Map objects within a HDF5 file and create a dataset namespace
Project description
hdfmap
Map objects within an HDF5 or NeXus file and create a dataset namespace.
| Source | https://github.com/DiamondLightSource/hdfmap |
|---|---|
| PyPI | pip install hdfmap |
| Documentation | https://diamondlightsource.github.io/hdfmap/ |
| Releases | https://github.com/DiamondLightSource/hdfmap/releases |
TL;DR - Usage
from hdfmap import create_nexus_map, load_hdf
# HdfMap from NeXus file - get dataset paths:
m = create_nexus_map('file.nxs')
m['energy'] # >> '/entry/instrument/monochromator/energy'
m['signal'] # >> '/entry/measurement/sum'
m['axes0'] # >> '/entry/measurement/theta'
m.get_image_path() # >> '/entry/instrument/pil3_100k/data'
# load dataset data
with load_hdf('file.nxs') as nxs:
path = m.get_path('scan_command')
cmd = nxs[path][()] # returns bytes data direct from file
cmd = m.get_data(nxs, 'scan_command') # returns converted str output
cmd = m.eval(nxs, 'scan_command.strip()') # returns evaluated output
string = m.format_hdf(nxs, "the energy is {energy:.2f} keV")
d = m.get_dataholder(nxs) # classic data table, d.scannable, d.metadata
xlabel, ylabel = m.generate_ids('axes', 'signal') # return path identifier of name
# new in V1.0.0 - evaluate name based expressions in the original file
m('signal / count_time') # >> numpy array
# Shortcuts - single file reloader class (provides direct access to data)
from hdfmap import NexusLoader
scan = NexusLoader('file.hdf')
[data1, data2] = scan.get_data(['dataset_name_1', 'dataset_name_2'])
data = scan.eval('dataset_name_1 * 100 + 2')
string = scan.format('my data is {dataset_name_1:.2f}')
roi_sum = scan.eval('d_IMAGE[..., 90:110, 200:240].sum(axis=(-1, -2))')
# Shortcuts - multifile load data (generate map from first file)
from hdfmap import hdf_data, hdf_eval, hdf_format, hdf_image
all_data = hdf_data([f'file{n}.nxs' for n in range(100)], 'dataset_name')
normalised_data = hdf_eval(filenames, 'total / Transmission / (rc / 300.)')
descriptions = hdf_format(filenames, 'Energy: {en:5.3f} keV')
image_stack = hdf_image(filenames, index=31)
Installation
Requires: Python >=3.10, Numpy, h5py, hdf5plugin, asteval
from conda-forge
conda install -c conda-forge hdfmap
from PyPI
python -m pip install hdfmap
from GitHub
python -m pip install --upgrade git+https://github.com/DiamondLightSource/hdfmap.git
Description
Another generic hdf reader but the idea here is to build up a namespace dict of {'name': 'path'}
for every dataset, then group them in a hopefully useful way.

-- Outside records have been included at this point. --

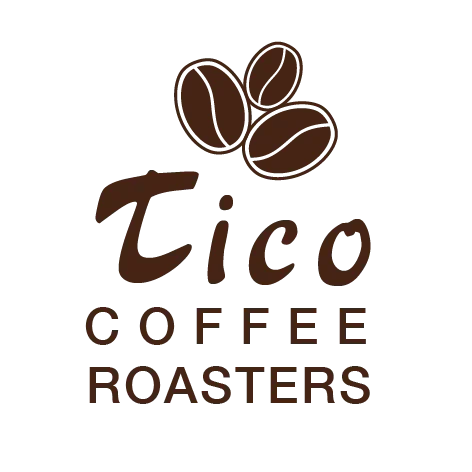 Tico Roasters Promo Codes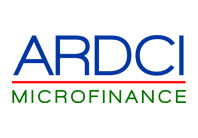 ARDCI Microfinance Inc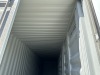 2024 40' High Cube Shipping Container - 7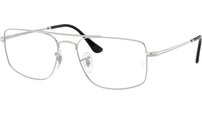 RB6579 Optics 2501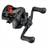 Daiwa PR100L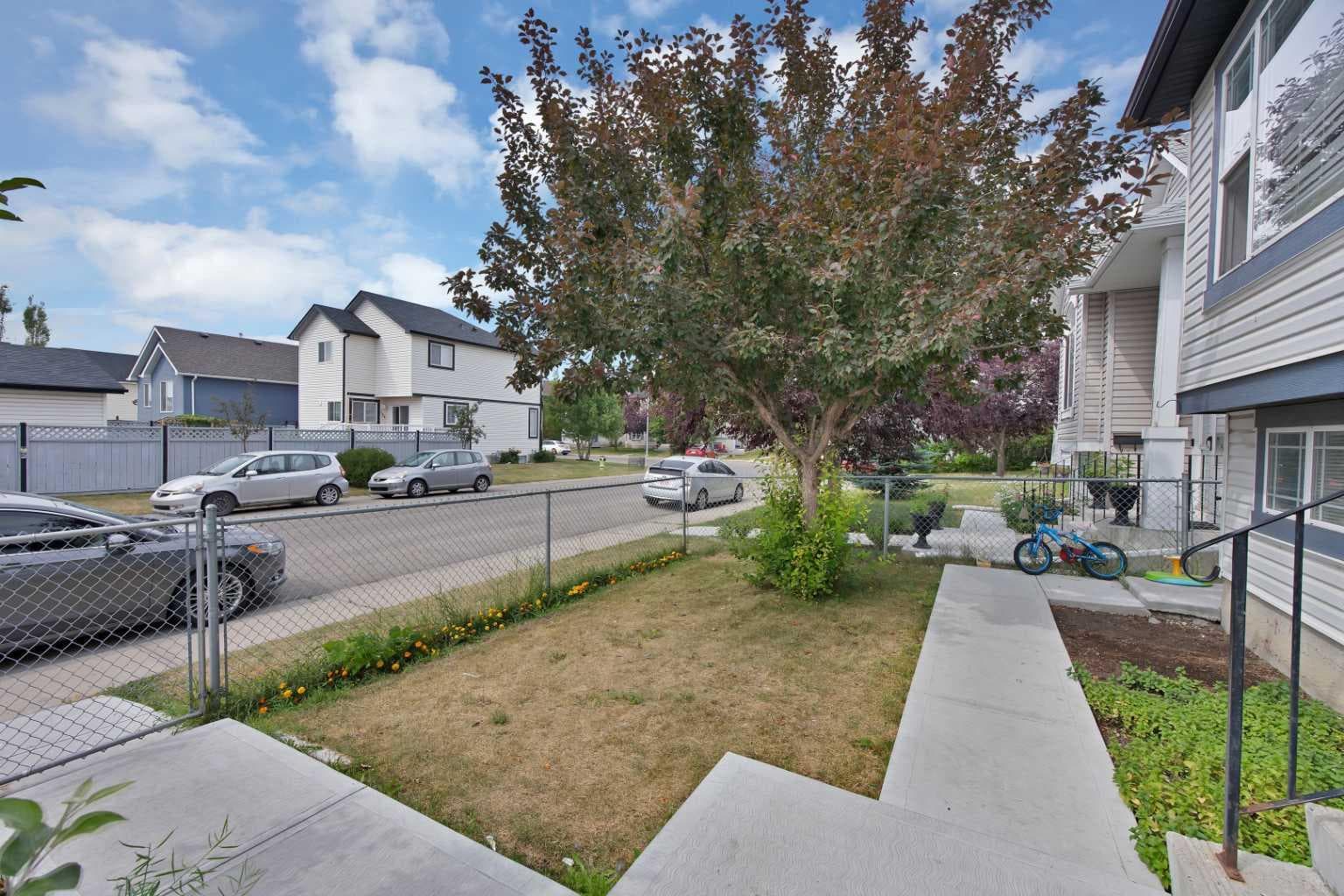 155 Taralea Gardens NE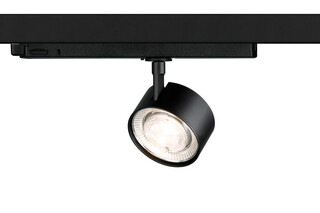 wittenberg 4.0 contact track spotlight wi4-str2  by  mawa design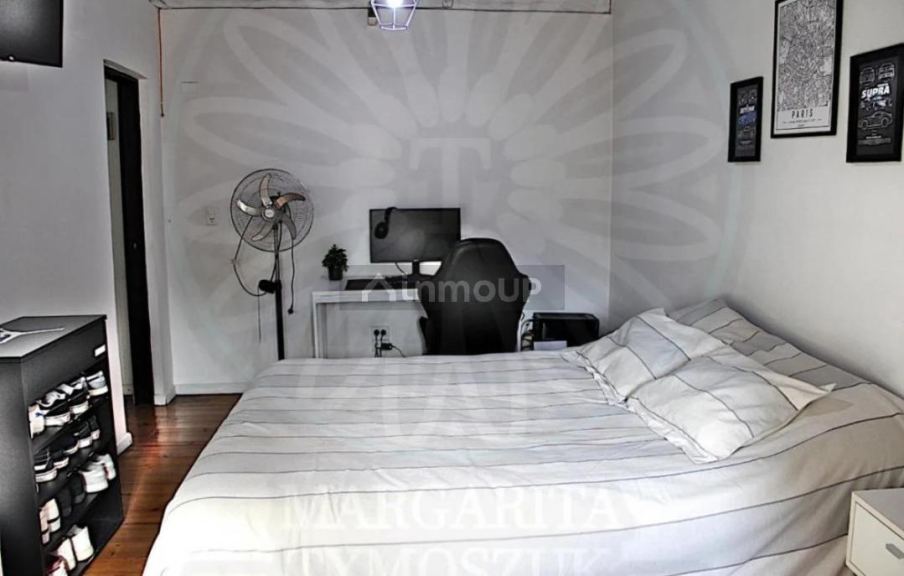 Casa en Venta en Almirante Brown, G.B.A. Zona Sur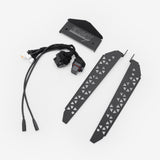 EBMX Harness for X-9000 Controller for Rerode R1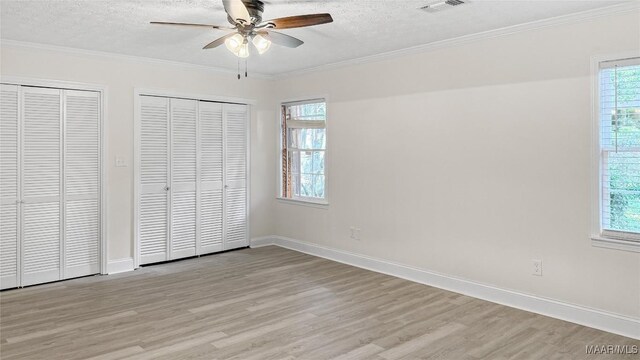 526 Wakefield Dr, Montgomery, AL 36109 - photo 45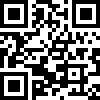https://khabaronline.ir/xpHC5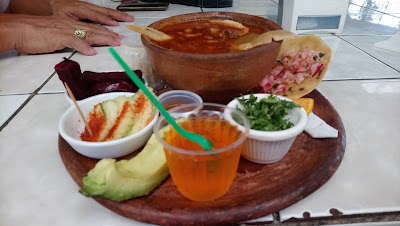 Photos of RESTAURANTE MAYER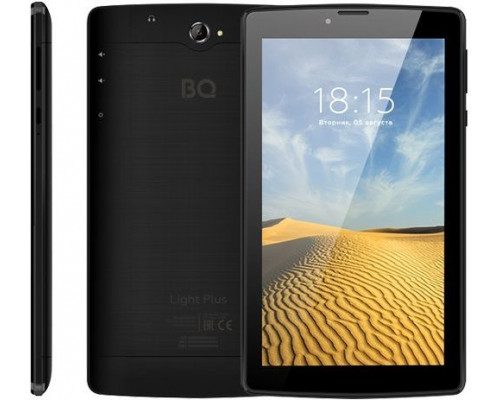 GPS- навигатор BQ-7038G Light Plus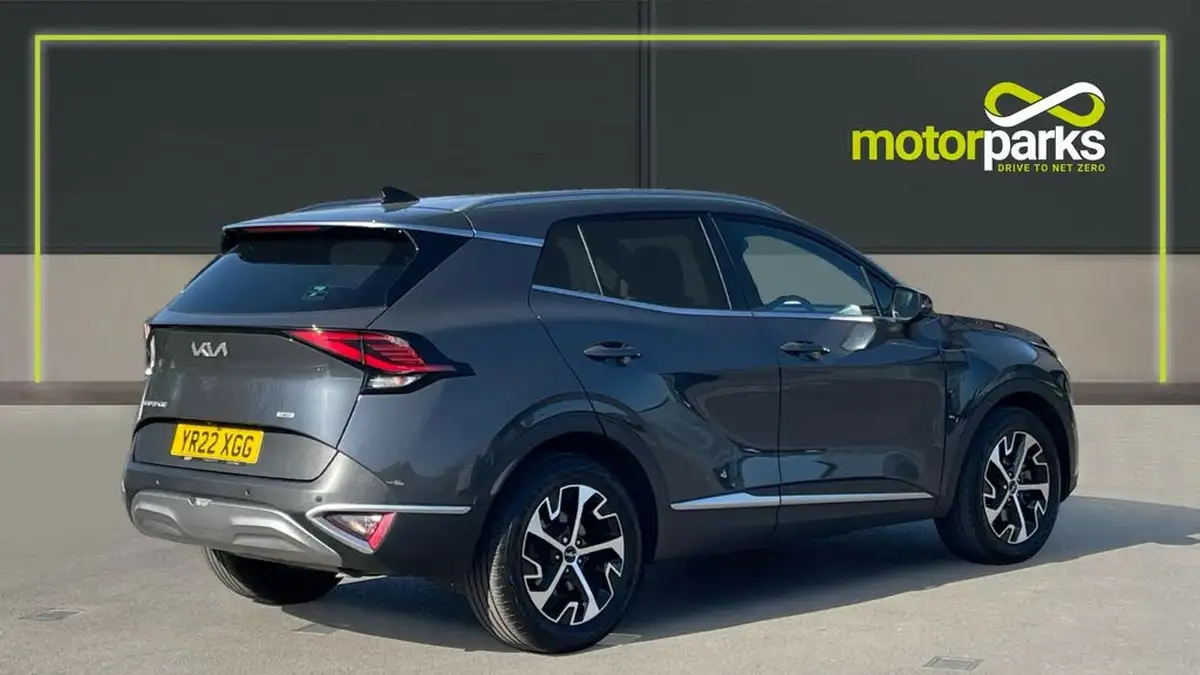 2022-kia-sportage-16-t-gdi-3-226bhp-hev-1598cc-auto-big-2
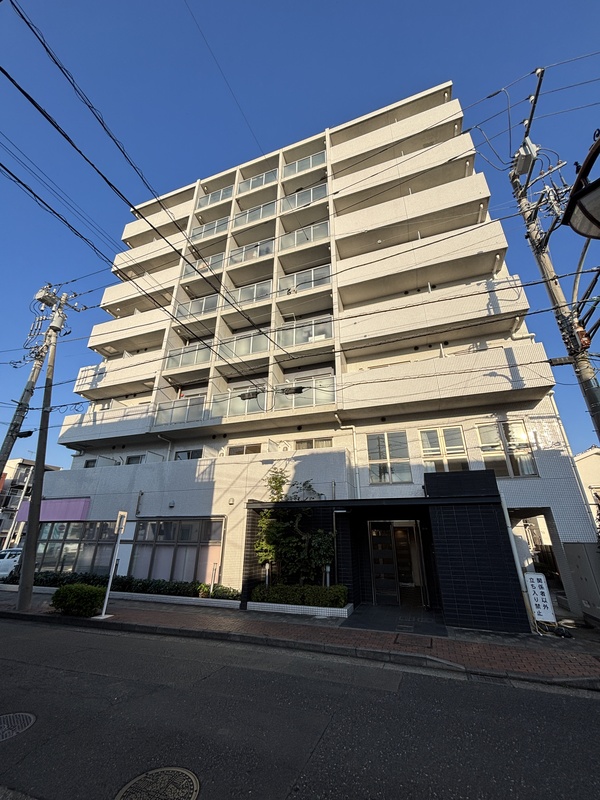 1/29 外観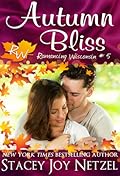 Autumn Bliss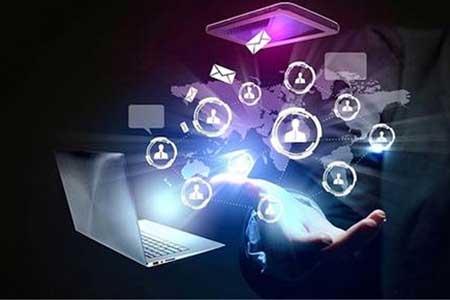 网店分销系统做营销的方法有哪些?利用这些方法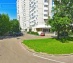 своб. назнач. 93 кв.м - Москва, Зелёный проспект, 22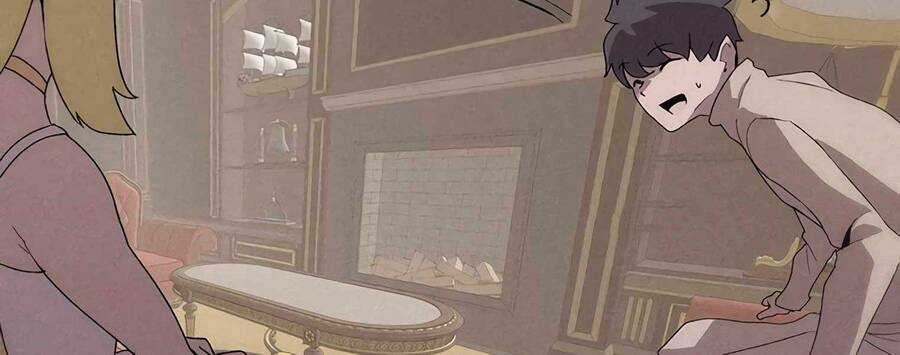 Thực Thư Pháp Sư - Chương 55.5 - Trang 112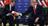 Watch: Burnham 'gets it' says Trump,...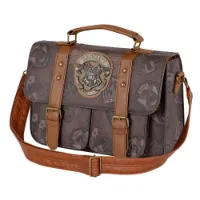 Karactermania Harry Potter Pride Skuldertaske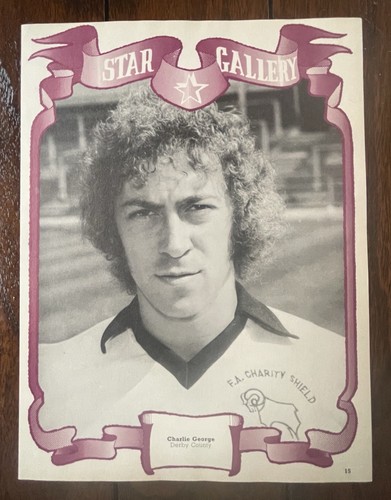 1977 soccer annual football - 1977,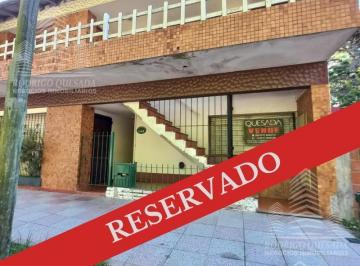 Departamento · 30m² · 2 Ambientes · Departamento 2 Amb, Planta Baja C/gas Natural. / Retasado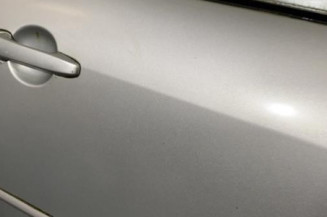 Porte avant droit MAZDA 6 1
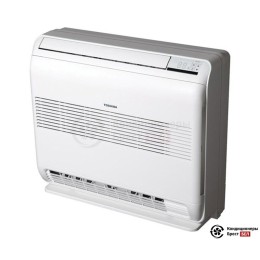 Toshiba RAS-B18J2FVG-E/RAS-18J2AVSG-E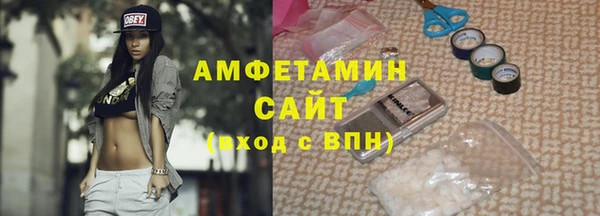 СК Богородск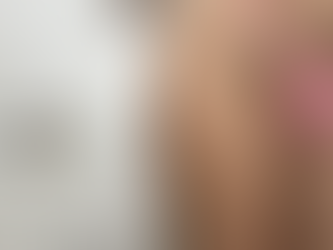 L’évolution des technologies de spray tan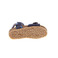Stones And Bones sandals blue 5
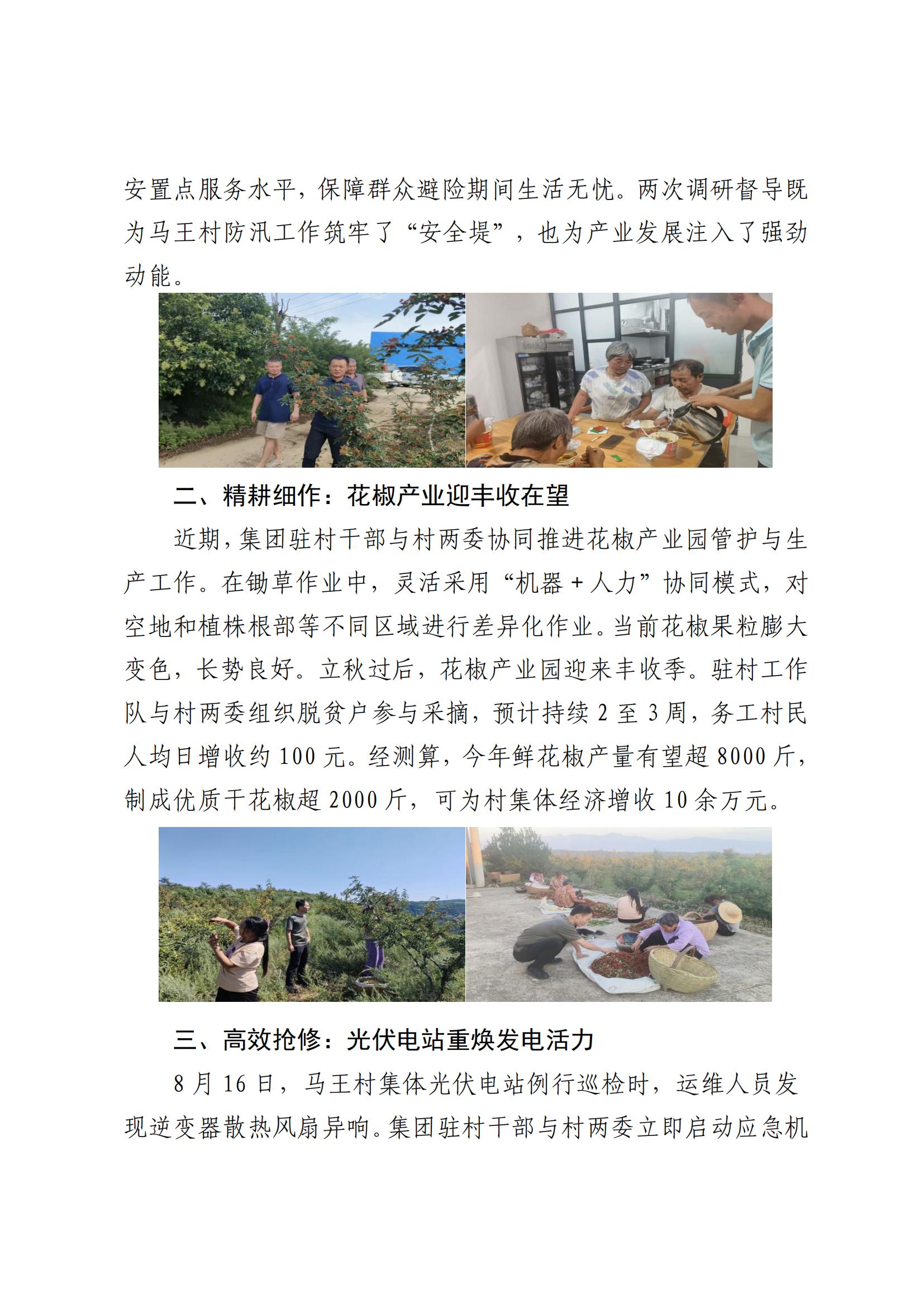 工投集團(tuán)鄉(xiāng)村振興工作動態(tài)（2025.8）_02.jpg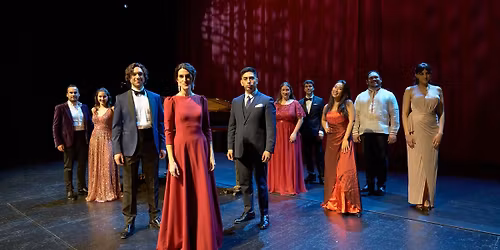 XXI Certamen de Nuevas Voces Ciudad de Sevilla | Certamen l\u00edrico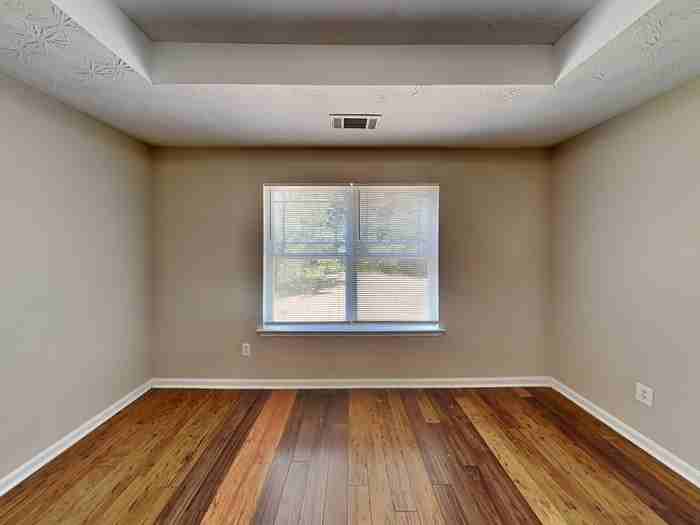 4761 Tuong Yen Ct - Photo 6 of 18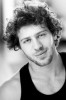 Aram Arakelyan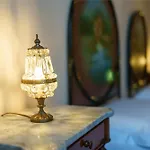 Apartamento Palazzo Rossi, Historic Boutique In Marche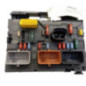 Boitier servitude moteur (BSM) PEUGEOT 207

Objects within the HDF file are separated into Groups and Datasets. Each object has a
defined path and name identifier, as well as other attributes
path-> '/entry/measurement/data' -> the location of an object within the filename-> data -> a dataset expressed as a simple variable name
Paths are unique locations within the file but can be used to identify similar objects in other files Names may not be unique within a file and are generated from the path.
| name | path | |
|---|---|---|
| Description | simple identifier of dataset | hdf path built from position in file |
| Example | 'scan_command' |
'/entry/scan_command' |
Names of different types of datasets are stored for arrays (size > 0) and values (size 0)
Names for scannables relate to all arrays of a particular size.
Names for metadata relate to a subset of all datasets based on specified rules.
Names for image_data relate to a subset of arrays that relate to images.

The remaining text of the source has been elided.